Ce conseil juridique de Dunton Rainville a originalement été publié dans l’infolettre de la Chambre de commerce et d’industrie du Saint-Jérôme métropolitain, dont le cabinet est partenaire pilier.
Le fait d’enregistrer une personne à son insu, notamment lors d’une réunion de travail ou d’une conférence téléphonique, soulève de nombreuses questions qui ont une portée juridique. Ainsi, que peut-on enregistrer? Qu’est-ce qui est considéré comme illégal? Doit-on informer au préalable la personne concernée qu’elle est enregistrée? Peut-on diffuser le contenu de ces conversations? Quel est l’état de la jurisprudence dans ce domaine sensible? Le présent texte a pour objet de répondre succinctement à certaines de ces questions.
Dans le cadre d’une poursuite civile, la recherche de vérité justifie qu’une personne puisse utiliser l’enregistrement de sa conversation avec autrui pour servir d’élément de preuve contre cette personne sans que cela ne porte atteinte à ses droits fondamentaux. Cependant, pour être admissible en preuve, l’origine et l’intégrité de l’enregistrement doivent être assurées. De plus, cet enregistrement doit porter sur des faits pour lesquels la preuve testimoniale est admise.
Qu’en est-il dans un contexte non judiciaire? Une personne peut légitimement s’attendre à ce que sa conversation avec son interlocuteur ne soit pas partagée, et encore moins utilisée dans le but de lui nuire. Lorsqu’une personne se fait enregistrer à son insu et que cet enregistrement est subséquemment diffusé, cela pourrait constituer une violation de ses droits fondamentaux.

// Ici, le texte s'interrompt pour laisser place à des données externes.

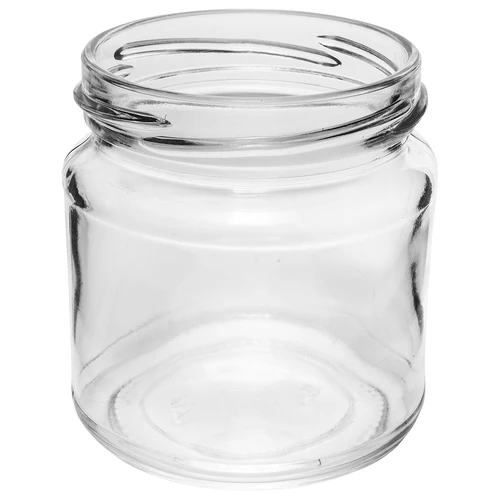 Vasetto da 212 ml con tappi colorati ø 66. - 3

La Charte des droits et libertés de la personne (ci-après « Charte ») du Québec protège les droits à la dignité, à l’honneur et à la réputation, ainsi que le droit à la vie privée, selon les articles 4 et 5. En outre, les articles 35 et 36 du Code civil du Québec prévoient également des dispositions afin de protéger ces droits. Il est notamment précisé que le fait d’utiliser volontairement une communication privée peut être considéré comme une atteinte à la vie privée.
Pour déterminer s’il y a eu violation du droit à la vie privée lors de la diffusion d’une conversation enregistrée à l’insu d’un interlocuteur, on doit prendre en considération la nature de la conversation, l’expectative de confidentialité entre les personnes relativement à cette conversation, ainsi que les fins pour lesquelles elle a été enregistrée.

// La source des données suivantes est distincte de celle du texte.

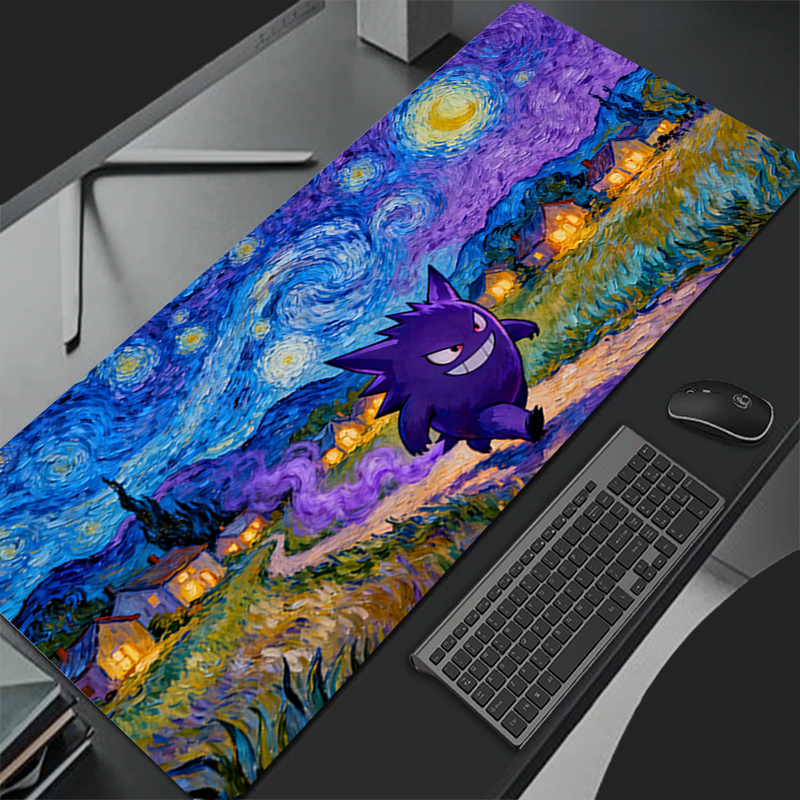 Anime Gengar Pokemon Pikachu C - Gaming Accessories Gamer recensione e prezzo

Dans l’arrêt Éditions Vice-Versa inc. c. Aubry, la Cour suprême du Canada rappelle que l’application des articles 4 et 5 de la Charte s’articule autour des grands principes de la responsabilité civile, à savoir la nécessité de prouver l’existence d’une faute, d’un dommage subi ainsi qu’un lien de causalité direct et immédiat entre les deux.
Cela dit, la diffusion d’un enregistrement pris à l’insu d’une personne dans le but de lui nuire pourrait constituer une atteinte illicite et intentionnelle à ses droits fondamentaux. Des dommages-intérêts punitifs pourraient ainsi lui être octroyés en vertu de l’article 49 de la Charte, et même de façon autonome en l’absence d’un préjudice indemnisable.